**How to complete this task:** An exact transcription of the listing, without its images, is what the answer must contain.

============================================================

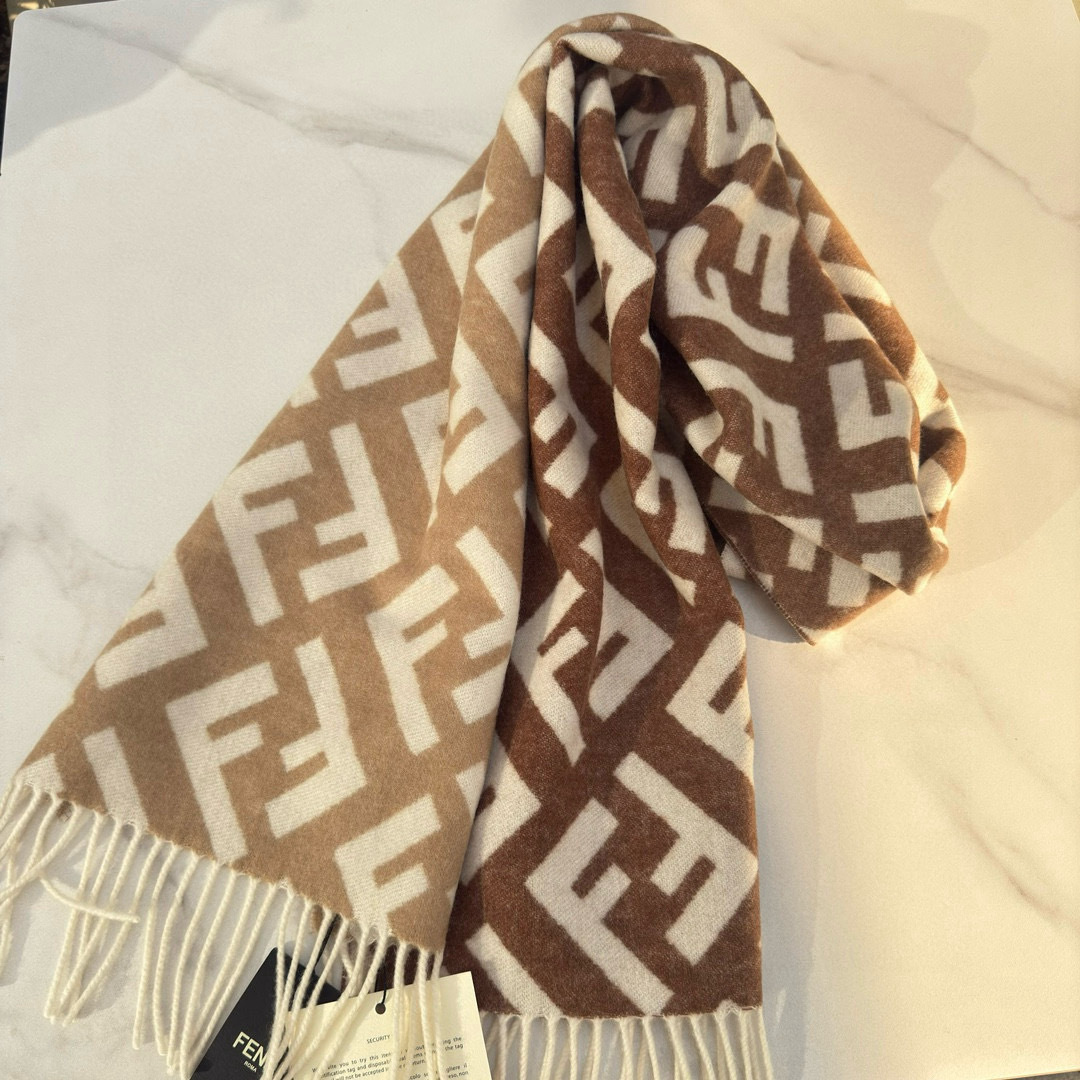 Fendi 柔软细腻的双面风格 FF 提花渐变 柔软的羊毛和羊绒材质 来自Stefano Pilati合作设计系列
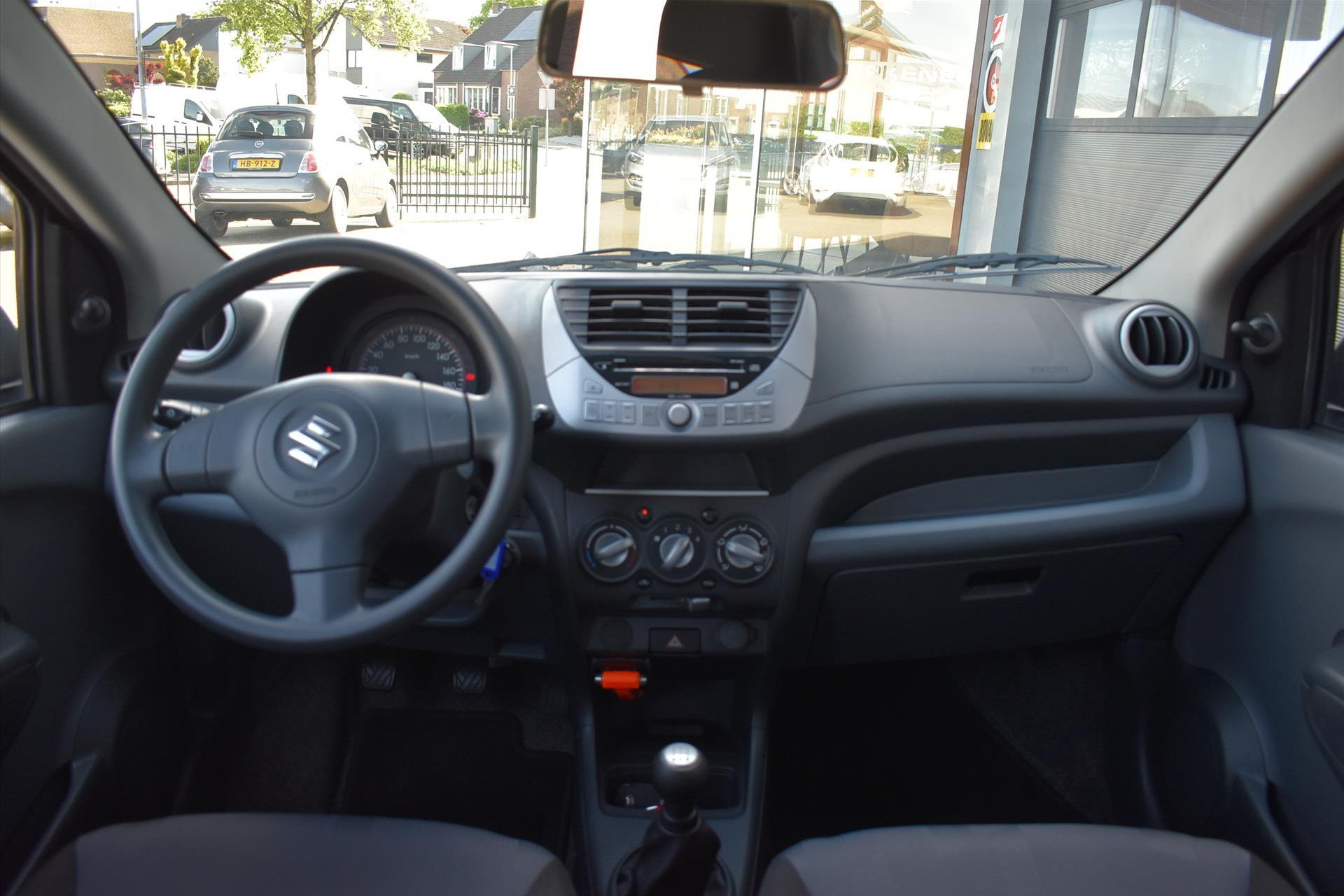 44006311-4.jpg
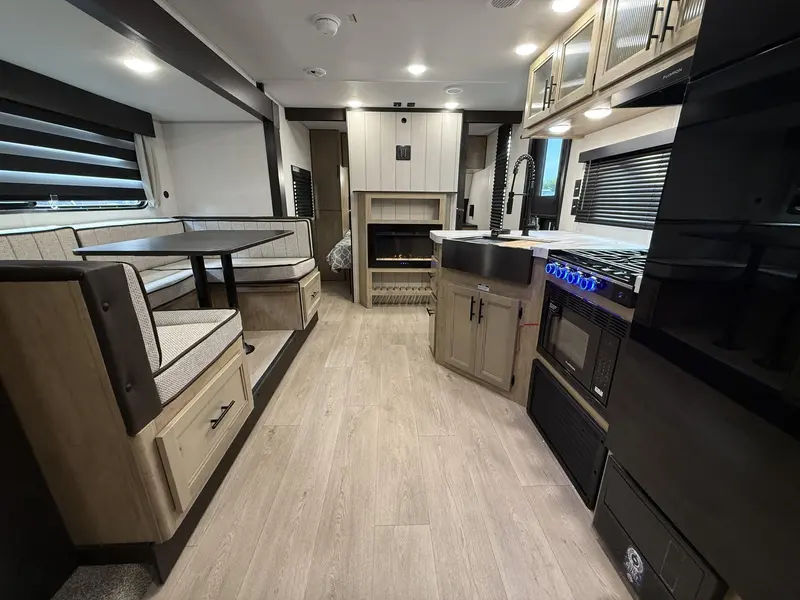 Cherokee 23DBH Grey Wolf 2026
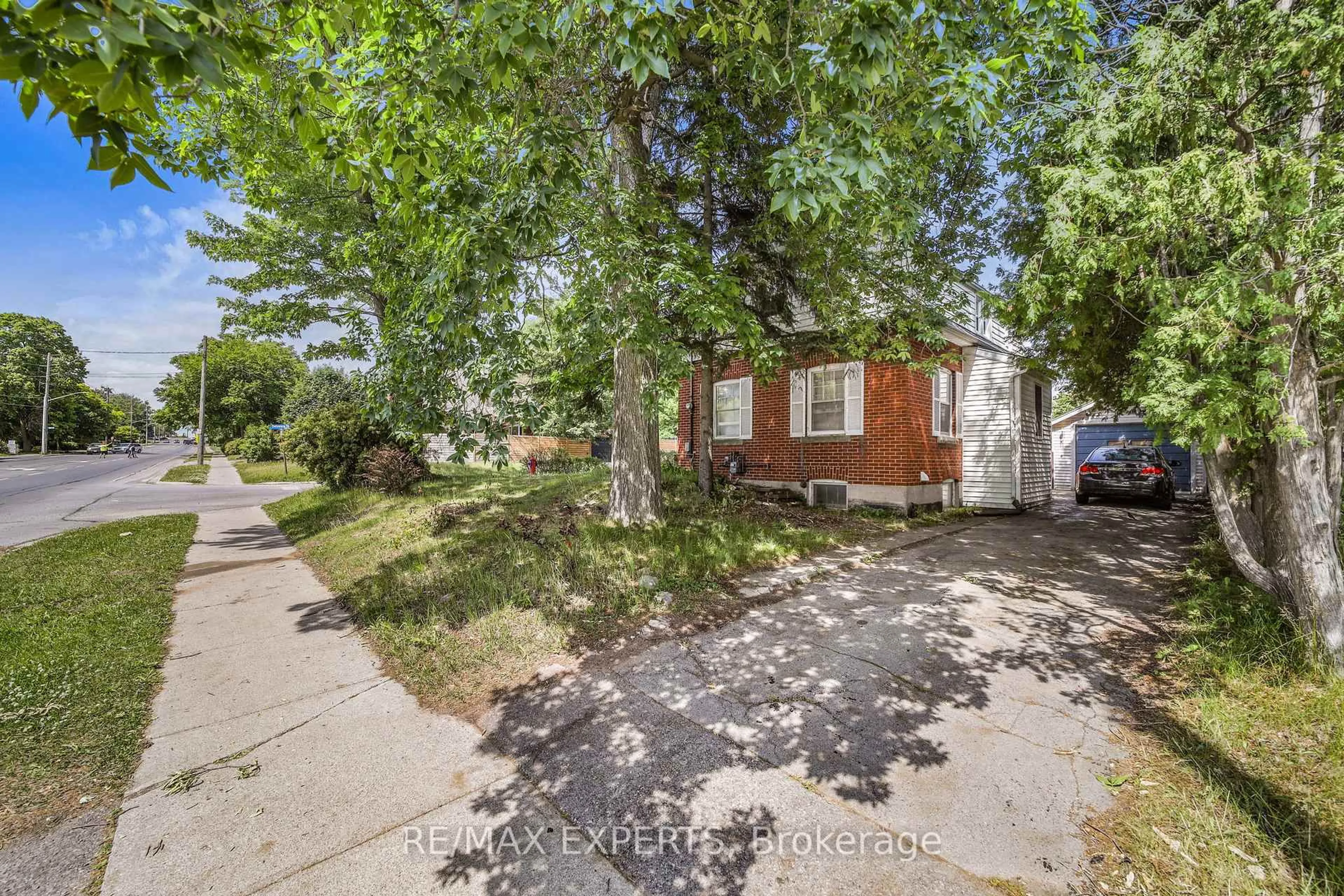 A pic from outside/outdoor area/front of a property/back of a property/a pic from drone, street for 6198 Delaware St, Niagara Falls Ontario L2G 2E8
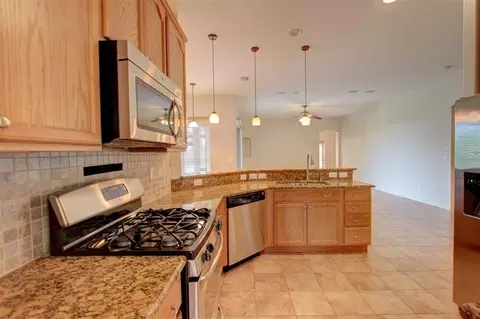 Kitchen - 1185 Dromin Ln, Melbourne, FL 32940 photo 3 of 3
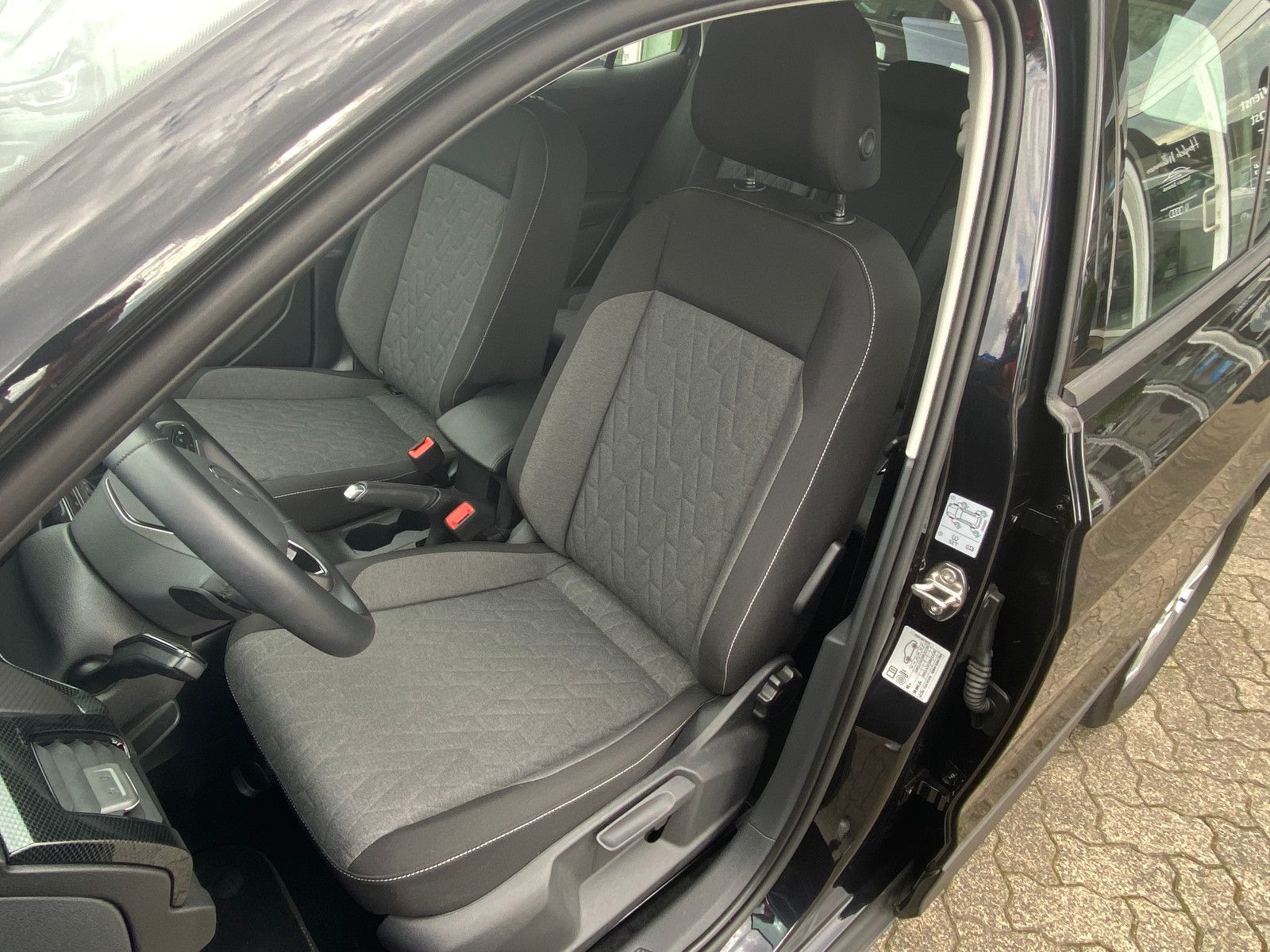 Fahrzeugabbildung Volkswagen T-Cross 1.0 TSI Life Navi,Sitzh,Klima,Kamera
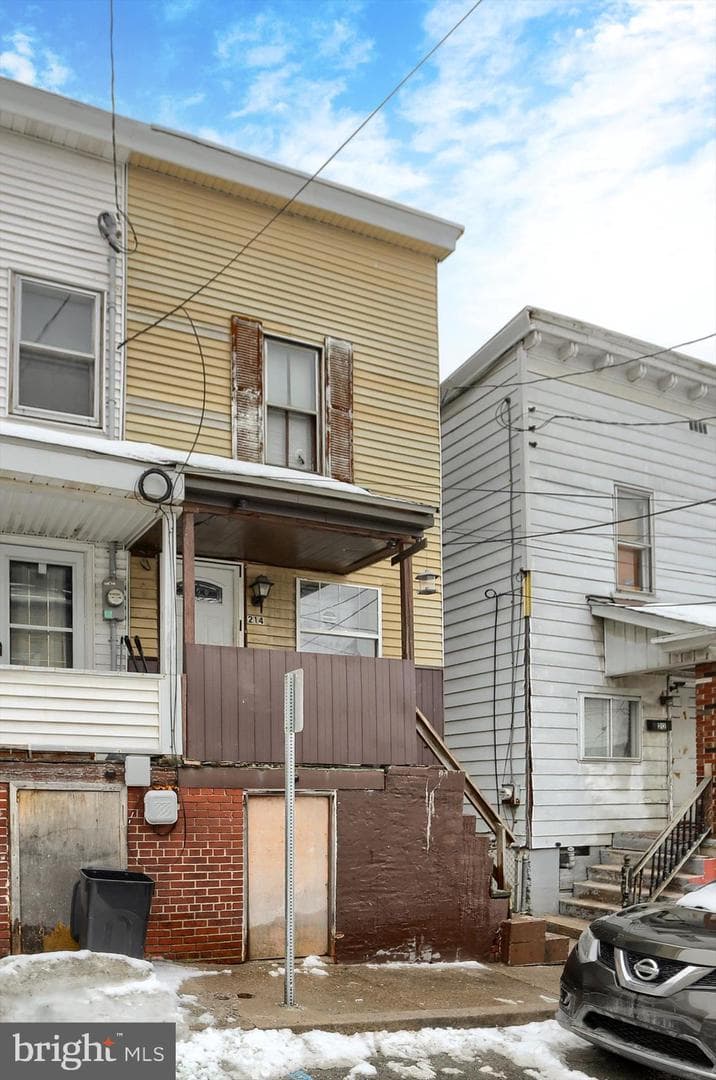 214 Bowe Street photo 3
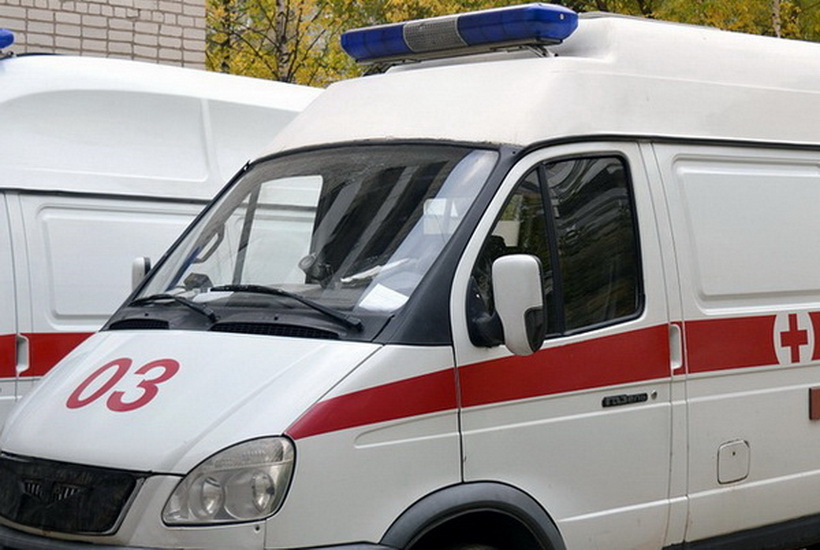 СМИ сообщили о состоянии петербурженки, пострадавшей от удара силовика накануне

============================================================

**Written reply:**
 Fendi 柔软细腻的双面风格 FF 提花渐变 柔软的羊毛和羊绒材质 来自Stefano Pilati合作设计系列
 44006311-4.jpg
 Cherokee 23DBH Grey Wolf 2026
 A pic from outside/outdoor area/front of a property/back of a property/a pic from drone, street for 6198 Delaware St, Niagara Falls Ontario L2G 2E8
 Kitchen - 1185 Dromin Ln, Melbourne, FL 32940 photo 3 of 3
 Fahrzeugabbildung Volkswagen T-Cross 1.0 TSI Life Navi,Sitzh,Klima,Kamera
 214 Bowe Street photo 3
 СМИ сообщили о состоянии петербурженки, пострадавшей от удара силовика накануне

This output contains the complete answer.